Zidane silences music of the spheres

Spain dared to believe that celestial forces were working in their dressing room after that extraordinary recovery against Yugoslavia in which they scored twice in injury time to reach the quarter-finals. But their dreams ran into the hard reality of a French team that has developed more gears and range in the two years since they won the World Cup.

Despite some splendid football from the Spanish, highlighted in breathtaking breaks from deep involving Raul, Alfonso and Pedro Munitis, not yet established enough to drop his forename, the French seemed always to have an edge.

They also had most of their players performing at their peak, and when that is the case there are few sides in the world who can contain them. Some, of course, will always have a head or shoulder advantage on team mates and inevitably one of them was Zinedine Zidane.

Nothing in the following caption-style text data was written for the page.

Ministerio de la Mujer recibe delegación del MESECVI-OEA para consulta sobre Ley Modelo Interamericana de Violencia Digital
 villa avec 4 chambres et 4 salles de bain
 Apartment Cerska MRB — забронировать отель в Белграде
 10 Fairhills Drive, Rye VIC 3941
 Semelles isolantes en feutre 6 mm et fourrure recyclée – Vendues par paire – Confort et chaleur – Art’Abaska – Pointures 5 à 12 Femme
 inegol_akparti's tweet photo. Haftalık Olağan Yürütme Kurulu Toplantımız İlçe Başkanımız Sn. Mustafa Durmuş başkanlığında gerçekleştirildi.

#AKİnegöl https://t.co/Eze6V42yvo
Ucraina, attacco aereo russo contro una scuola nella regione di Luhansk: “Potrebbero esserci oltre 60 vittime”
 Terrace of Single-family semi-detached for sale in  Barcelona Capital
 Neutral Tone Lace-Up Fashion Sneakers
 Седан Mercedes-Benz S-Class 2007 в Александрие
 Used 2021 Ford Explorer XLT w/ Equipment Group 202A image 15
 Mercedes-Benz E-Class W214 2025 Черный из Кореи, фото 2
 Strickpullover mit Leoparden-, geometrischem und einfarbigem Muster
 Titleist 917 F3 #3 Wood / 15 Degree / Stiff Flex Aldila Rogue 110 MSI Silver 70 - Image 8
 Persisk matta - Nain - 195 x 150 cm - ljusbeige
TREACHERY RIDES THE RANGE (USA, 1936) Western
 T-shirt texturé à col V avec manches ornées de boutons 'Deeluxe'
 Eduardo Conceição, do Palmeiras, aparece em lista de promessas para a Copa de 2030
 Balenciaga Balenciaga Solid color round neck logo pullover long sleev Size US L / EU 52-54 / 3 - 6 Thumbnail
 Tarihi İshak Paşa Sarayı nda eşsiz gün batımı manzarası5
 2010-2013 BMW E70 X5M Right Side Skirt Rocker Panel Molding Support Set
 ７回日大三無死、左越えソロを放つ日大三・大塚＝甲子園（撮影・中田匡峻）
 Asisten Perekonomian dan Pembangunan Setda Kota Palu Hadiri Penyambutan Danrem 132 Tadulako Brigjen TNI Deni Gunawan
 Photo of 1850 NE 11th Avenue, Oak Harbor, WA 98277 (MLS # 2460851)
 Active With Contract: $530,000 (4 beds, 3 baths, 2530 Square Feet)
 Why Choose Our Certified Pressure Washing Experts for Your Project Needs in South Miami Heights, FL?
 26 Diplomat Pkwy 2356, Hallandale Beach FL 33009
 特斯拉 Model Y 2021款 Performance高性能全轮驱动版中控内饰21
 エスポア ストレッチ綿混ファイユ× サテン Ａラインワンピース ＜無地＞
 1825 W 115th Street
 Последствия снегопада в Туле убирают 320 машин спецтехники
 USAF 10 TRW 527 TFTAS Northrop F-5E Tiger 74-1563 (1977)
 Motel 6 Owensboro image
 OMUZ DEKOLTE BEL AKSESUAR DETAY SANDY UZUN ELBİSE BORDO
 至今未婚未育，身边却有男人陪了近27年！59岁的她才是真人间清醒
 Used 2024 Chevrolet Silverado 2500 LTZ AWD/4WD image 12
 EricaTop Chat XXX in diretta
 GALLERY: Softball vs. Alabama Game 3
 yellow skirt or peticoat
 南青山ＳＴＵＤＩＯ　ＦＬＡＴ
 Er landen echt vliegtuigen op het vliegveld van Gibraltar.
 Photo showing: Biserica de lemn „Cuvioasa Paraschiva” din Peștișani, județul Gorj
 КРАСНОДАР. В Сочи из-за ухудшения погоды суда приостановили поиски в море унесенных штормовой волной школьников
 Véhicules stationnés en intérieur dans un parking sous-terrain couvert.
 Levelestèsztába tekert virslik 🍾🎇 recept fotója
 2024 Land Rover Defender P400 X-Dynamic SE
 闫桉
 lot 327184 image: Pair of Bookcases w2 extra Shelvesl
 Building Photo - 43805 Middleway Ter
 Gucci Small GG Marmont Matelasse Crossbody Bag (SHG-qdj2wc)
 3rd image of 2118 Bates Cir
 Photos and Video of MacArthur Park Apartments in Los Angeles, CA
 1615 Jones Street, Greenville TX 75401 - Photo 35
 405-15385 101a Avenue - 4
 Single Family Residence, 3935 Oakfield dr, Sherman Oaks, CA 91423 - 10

Zidane, one of those allowed to put his twinkling feet up while the reserves contested the final group game against Holland, was in absolutely majestic form, playing like a man who had been denied a touch of a football for six months.

His first serious involvement was a weaving crossfield run which should have ended in something more spectacular than Christophe Dugarry's cross into touch and from there, he simply got better.

Thierry Henry, who in horseracing terms has improved a stone since joining Arsenal, twisted in and out of three defenders as casually as though he were dribbling round cones on the training field, even if his finishing shot was off target. And when he found himself getting little joy from Abelardo, he came deep to collect the ball and get a running start on the Spanish defence.

Working magnificently behind the scenes were Youri Djorkaeff and Didier Deschamps. The latter claims that he needs to express only 50% of his talent for Chelsea but there was no doubt here that, in managerspeak, he was giv ing 120%. Yet even his display was eclipsed by that of Djorkaeff, for whom a magnificent winner was simply an embellishment.

How different these quarter-finals have been from those at Euro 96. Then, the knockout stages produced a series of matches in which the majority of teams played dreary, cautious, almost miserly football, seemingly developing a Leicester-style fondness for penalty shoot-outs.

Four matches then were decided by shoot-outs, with even the final decided by the so-called golden goal - an inappropriate description as it normally separates teams who provide nothing but dross.

Here, the football has become even richer since the best teams claimed their places in the last eight, seemingly determined to make any artificial means of deciding the games redundant. Extra time looked a near-certainty here when Raul stepped up to take his penalty, but in this case the extra half-hour would only have been a result of both teams' rampant ambition, rather than their negativity.

Spain's last-gasp "penalty" looked generous in the extreme after Munitis went down from the tiniest of connection from Lilian Thuram.

In truth France played not only like men who are world champions but who do not believe they can be beaten here. It is a growing feeling here.

Their two goals, Djorkaeff's and the remarkable free-kick from Zidane, were as good as we have seen in the tournament. It will take an exceptional side to deny them the trophy on Sunday.